Di conseguenza, l’idea è proseguita su altri (più proficui) versi, perché ridurre la plastica deve essere visto come una missione e l’idea andava realizzata ad ogni costo.

Quindi, una volta esauriti la fase utopistica e quella progettuale, quando partirà l’iniziativa?

Entro il 15 giugno il progetto partirà a pieno regime e nella prima settimana del mese verrà indetta una conferenza stampa con ATL (azienda turistica locale) e Conitours.
Il massimo orgoglio arriva comunque non tanto dall’avere avuto una idea innovativa, ma dalla consapevolezza di aver stuzzicato l’interesse di diverse altre realtà ed attività al di fuori dalla Valle Stura ancor prima che l’idea avesse effettivamente attuazione.
Questo non è più il tempo di parlare, ma quello di iniziare veramente con i fatti a cambiare il mondo, partendo dal piccolo contributo che ognuno di noi può dare.
A questo, io e Katia Tomatis abbiamo sempre creduto fin dal primo minuto.

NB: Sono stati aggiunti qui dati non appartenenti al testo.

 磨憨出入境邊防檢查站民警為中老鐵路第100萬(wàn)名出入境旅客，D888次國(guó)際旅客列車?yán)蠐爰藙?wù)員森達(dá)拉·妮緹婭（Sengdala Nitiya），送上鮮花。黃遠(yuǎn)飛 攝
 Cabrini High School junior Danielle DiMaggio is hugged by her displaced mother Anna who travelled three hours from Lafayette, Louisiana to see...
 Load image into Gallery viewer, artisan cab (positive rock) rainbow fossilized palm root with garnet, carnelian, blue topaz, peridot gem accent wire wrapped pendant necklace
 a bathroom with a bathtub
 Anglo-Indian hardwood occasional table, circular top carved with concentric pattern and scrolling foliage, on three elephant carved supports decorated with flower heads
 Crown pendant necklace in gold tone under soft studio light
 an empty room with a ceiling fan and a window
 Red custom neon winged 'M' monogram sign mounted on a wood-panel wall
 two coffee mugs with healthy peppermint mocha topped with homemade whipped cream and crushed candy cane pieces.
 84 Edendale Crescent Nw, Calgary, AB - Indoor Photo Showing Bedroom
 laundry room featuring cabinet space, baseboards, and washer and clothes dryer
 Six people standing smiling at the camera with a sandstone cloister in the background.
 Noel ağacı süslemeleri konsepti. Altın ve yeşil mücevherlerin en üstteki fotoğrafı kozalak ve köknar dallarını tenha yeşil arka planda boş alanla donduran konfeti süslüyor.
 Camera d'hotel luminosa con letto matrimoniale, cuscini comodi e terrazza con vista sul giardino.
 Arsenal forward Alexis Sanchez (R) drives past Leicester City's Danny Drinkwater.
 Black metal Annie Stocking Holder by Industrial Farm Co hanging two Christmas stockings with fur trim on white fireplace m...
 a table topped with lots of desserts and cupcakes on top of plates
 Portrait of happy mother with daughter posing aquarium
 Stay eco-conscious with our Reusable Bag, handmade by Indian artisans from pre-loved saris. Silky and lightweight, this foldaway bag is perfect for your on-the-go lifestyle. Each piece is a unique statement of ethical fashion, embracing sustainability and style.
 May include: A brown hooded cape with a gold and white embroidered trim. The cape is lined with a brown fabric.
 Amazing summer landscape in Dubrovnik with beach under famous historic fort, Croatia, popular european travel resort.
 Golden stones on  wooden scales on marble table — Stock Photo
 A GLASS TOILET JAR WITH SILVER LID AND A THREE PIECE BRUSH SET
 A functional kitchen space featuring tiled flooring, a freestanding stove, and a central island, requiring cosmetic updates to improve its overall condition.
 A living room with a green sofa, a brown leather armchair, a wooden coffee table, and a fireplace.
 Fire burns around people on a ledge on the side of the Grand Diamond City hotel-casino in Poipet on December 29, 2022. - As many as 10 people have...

Se doveste perciò pensare davvero in grande, ora che avete realizzato un progetto così avveniristico, quale sarebbe il vostro prossimo sogno da realizzare?

La vera speranza è che la Valle Stura possa essere capofila di un progetto molto più esteso che faccia dell’abbandono della plastica una missione di vita.
Sogniamo che tutto questo vada a legarsi ad un discorso di turismo sostenibile e slow, ma soprattutto, speriamo con tutte le nostre forze che si possa giungere ad un cambiamento della mentalità e degli atteggiamenti nei confronti dei territori dove siamo cresciuti.
A quasi tutti noi piace vivere qui, e vorremo fare in modo di poter coltivare i nostri sogni ed i nostri progetti in questi territori fantastici che tanto hanno da offrire.
La loro salvaguardia deve necessariamente passare per queste piccole cose però, e questo va fatto non tanto per noi quanto per i nostri figli e le generazioni a venire, affinchè anche loro possano godere di tutta questa bellezza, e perché no, magari anche in un mondo migliore rispetto a quello in cui ci troviamo noi.
Noi giovani dobbiamo creare una idea forte di ciò che vogliamo ottenere e realizzare nel futuro per noi, e per un territorio che risente di problematiche enormi che ne deturpano l’immensa bellezza.